### Data extract
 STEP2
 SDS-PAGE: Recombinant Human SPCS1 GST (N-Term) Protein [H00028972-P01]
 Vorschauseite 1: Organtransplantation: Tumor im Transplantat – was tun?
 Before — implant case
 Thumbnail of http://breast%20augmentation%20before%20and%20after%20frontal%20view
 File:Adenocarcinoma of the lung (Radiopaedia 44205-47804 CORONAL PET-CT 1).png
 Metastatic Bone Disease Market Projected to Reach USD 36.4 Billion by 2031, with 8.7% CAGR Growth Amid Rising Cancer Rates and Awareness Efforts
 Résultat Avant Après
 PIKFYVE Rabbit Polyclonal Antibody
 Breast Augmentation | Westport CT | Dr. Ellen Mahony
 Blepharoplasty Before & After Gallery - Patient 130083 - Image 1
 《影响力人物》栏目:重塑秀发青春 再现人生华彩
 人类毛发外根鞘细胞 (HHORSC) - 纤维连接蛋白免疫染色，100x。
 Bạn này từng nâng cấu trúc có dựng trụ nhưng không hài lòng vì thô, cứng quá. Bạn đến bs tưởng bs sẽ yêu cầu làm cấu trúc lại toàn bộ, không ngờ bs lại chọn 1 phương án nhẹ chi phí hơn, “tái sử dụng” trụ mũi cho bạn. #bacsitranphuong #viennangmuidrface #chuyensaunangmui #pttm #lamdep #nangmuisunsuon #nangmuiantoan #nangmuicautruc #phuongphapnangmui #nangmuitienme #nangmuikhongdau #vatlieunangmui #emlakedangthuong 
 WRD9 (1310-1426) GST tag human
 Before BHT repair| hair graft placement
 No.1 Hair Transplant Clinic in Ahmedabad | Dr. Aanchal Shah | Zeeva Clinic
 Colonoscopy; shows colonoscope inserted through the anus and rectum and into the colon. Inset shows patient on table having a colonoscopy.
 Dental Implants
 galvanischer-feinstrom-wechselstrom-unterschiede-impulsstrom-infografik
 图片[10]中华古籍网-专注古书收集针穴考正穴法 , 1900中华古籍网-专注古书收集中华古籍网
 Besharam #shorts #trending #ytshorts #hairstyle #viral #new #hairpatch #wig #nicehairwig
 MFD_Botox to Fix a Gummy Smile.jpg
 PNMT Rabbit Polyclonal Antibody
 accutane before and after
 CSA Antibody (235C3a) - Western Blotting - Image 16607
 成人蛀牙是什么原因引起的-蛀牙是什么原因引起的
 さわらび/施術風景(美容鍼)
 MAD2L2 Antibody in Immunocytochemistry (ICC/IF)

### Task details
Review the entries above and return every line where "Rabbit" appears.

### Task solution
 PIKFYVE Rabbit Polyclonal Antibody
 PNMT Rabbit Polyclonal Antibody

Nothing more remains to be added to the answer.